# Task to carry out
Reproduction of part of the material below, pictures omitted: copy exactly, and only, the lines starting with the one with "Beautiful wide view" and going on through the one with "Hannah Watts about".

# Task material
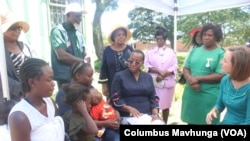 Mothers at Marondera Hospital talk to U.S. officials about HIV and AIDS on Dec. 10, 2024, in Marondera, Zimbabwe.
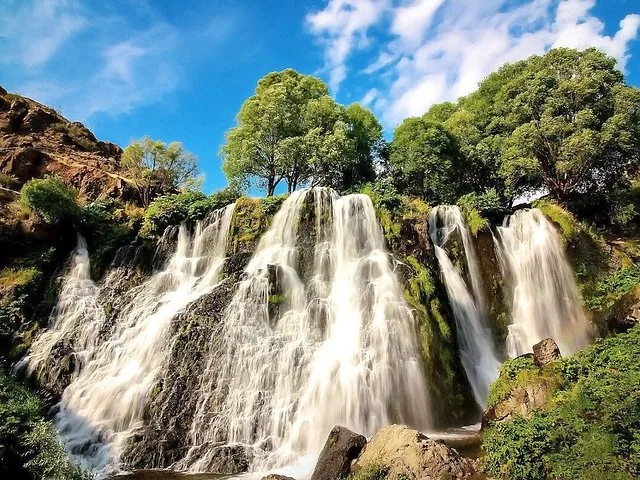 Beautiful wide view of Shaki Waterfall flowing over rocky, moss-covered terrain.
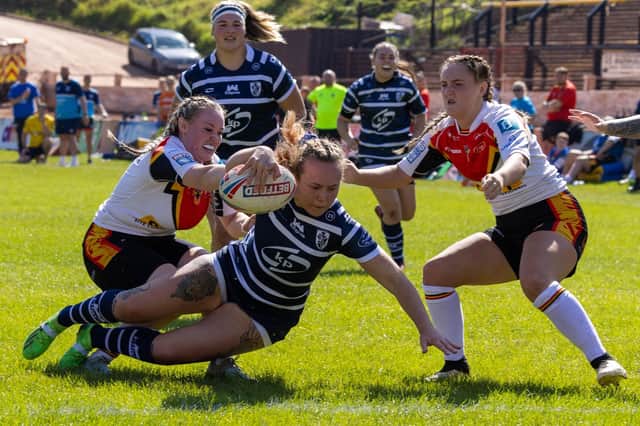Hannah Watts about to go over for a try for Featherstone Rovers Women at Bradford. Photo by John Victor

--

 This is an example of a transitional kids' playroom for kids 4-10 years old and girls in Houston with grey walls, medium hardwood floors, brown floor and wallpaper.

# Solution to this exercise
 Beautiful wide view of Shaki Waterfall flowing over rocky, moss-covered terrain.
Hannah Watts about to go over for a try for Featherstone Rovers Women at Bradford. Photo by John Victor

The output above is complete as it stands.